Material to process
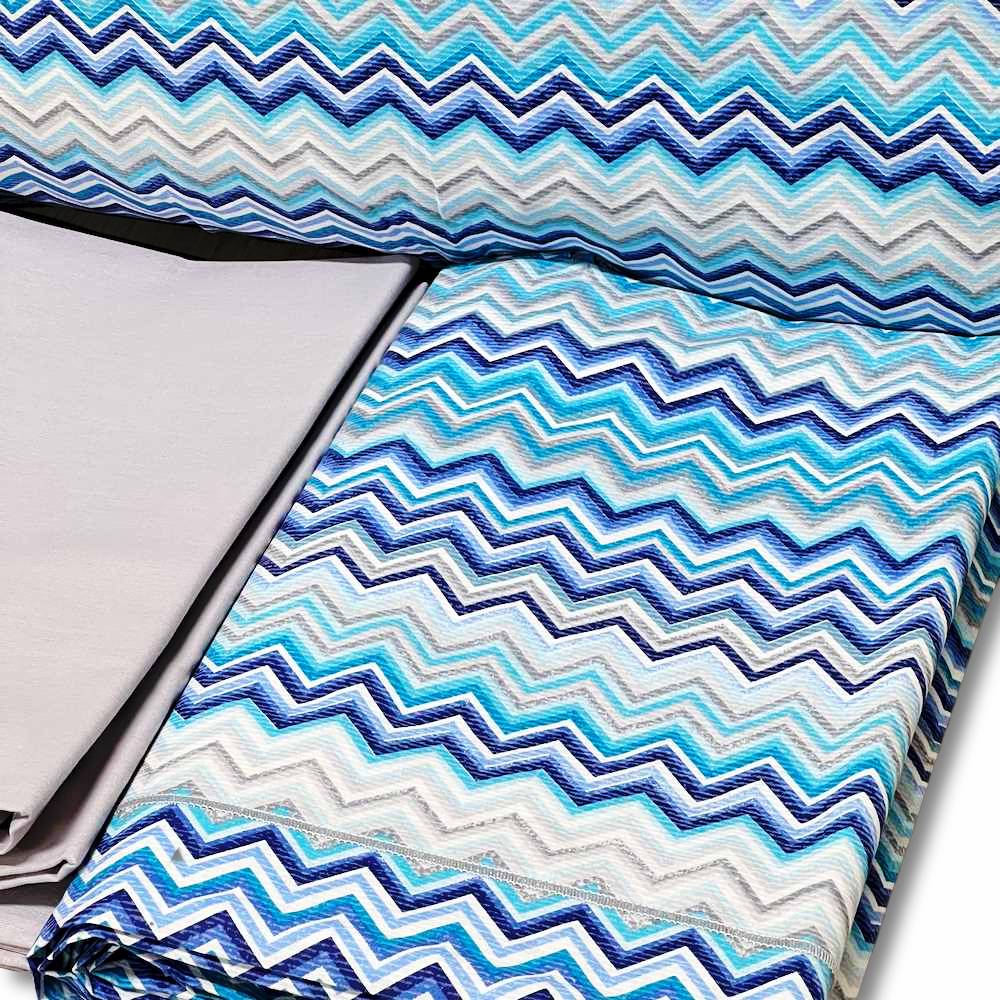 Completo Lenzuola Baia Zig Zag azzurro piazza e mezzo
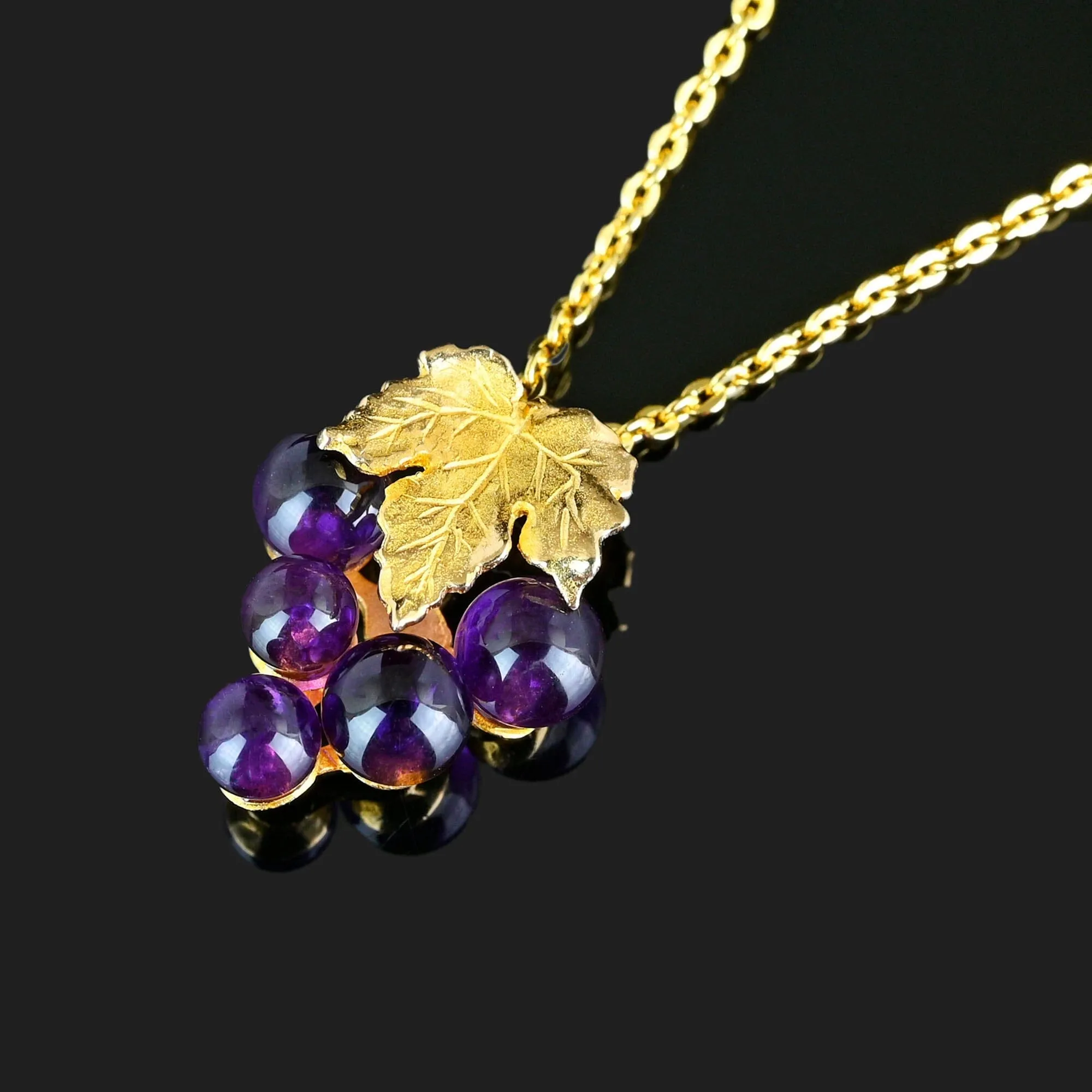 Vintage 14K Gold Grape Cluster Amethyst Pendant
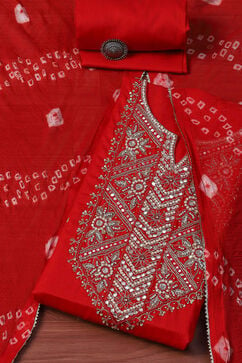 Red Cotton Unstitched Suit set image number 0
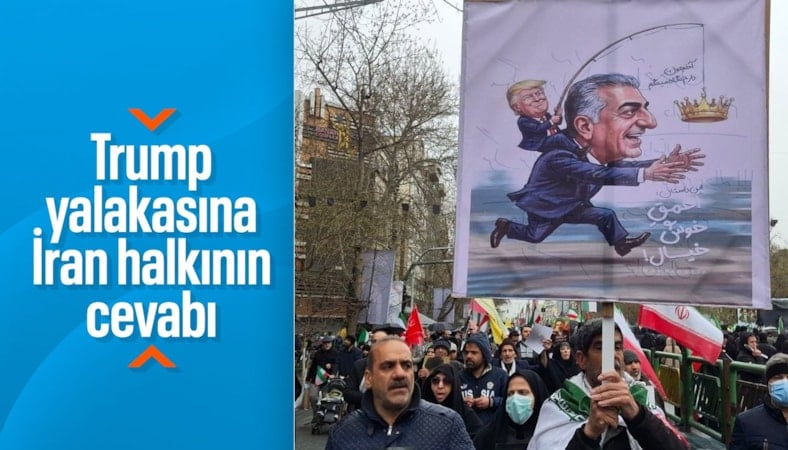 İranlılar Pehlevi için pankart hazırladı: Hayalperest aptal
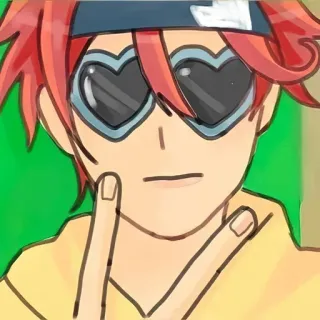 ✌️ Anime, Personagem, Óculos, Retrato, Sinal de paz, Legal telegram sticker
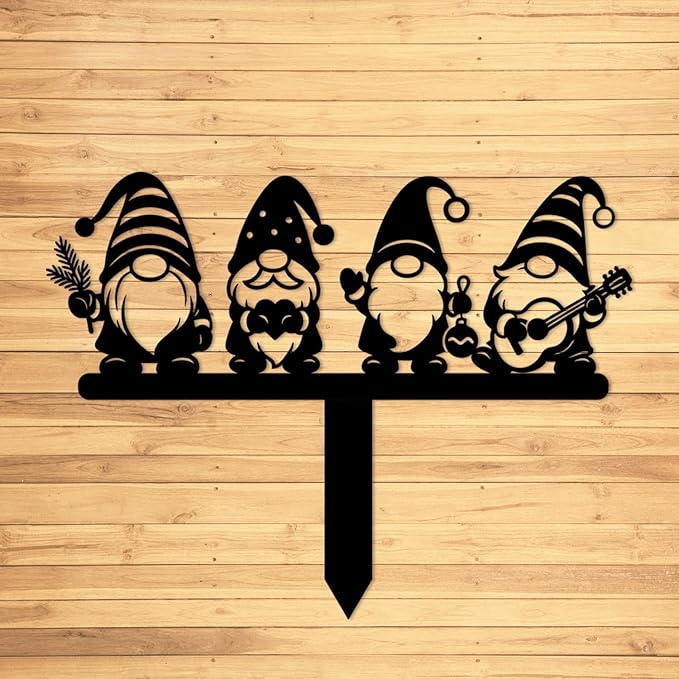 Magilab Personalized Iron Yard Stake - Christmas Cute Gnome Dwarves Decor, 8-Inch Black Metal Garden Sign for Outdoor (Style R)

What to produce
Drop the images and return the data verbatim.

Output below
 Completo Lenzuola Baia Zig Zag azzurro piazza e mezzo
 Vintage 14K Gold Grape Cluster Amethyst Pendant
 Red Cotton Unstitched Suit set image number 0
 İranlılar Pehlevi için pankart hazırladı: Hayalperest aptal
 ✌️ Anime, Personagem, Óculos, Retrato, Sinal de paz, Legal telegram sticker
 Magilab Personalized Iron Yard Stake - Christmas Cute Gnome Dwarves Decor, 8-Inch Black Metal Garden Sign for Outdoor (Style R)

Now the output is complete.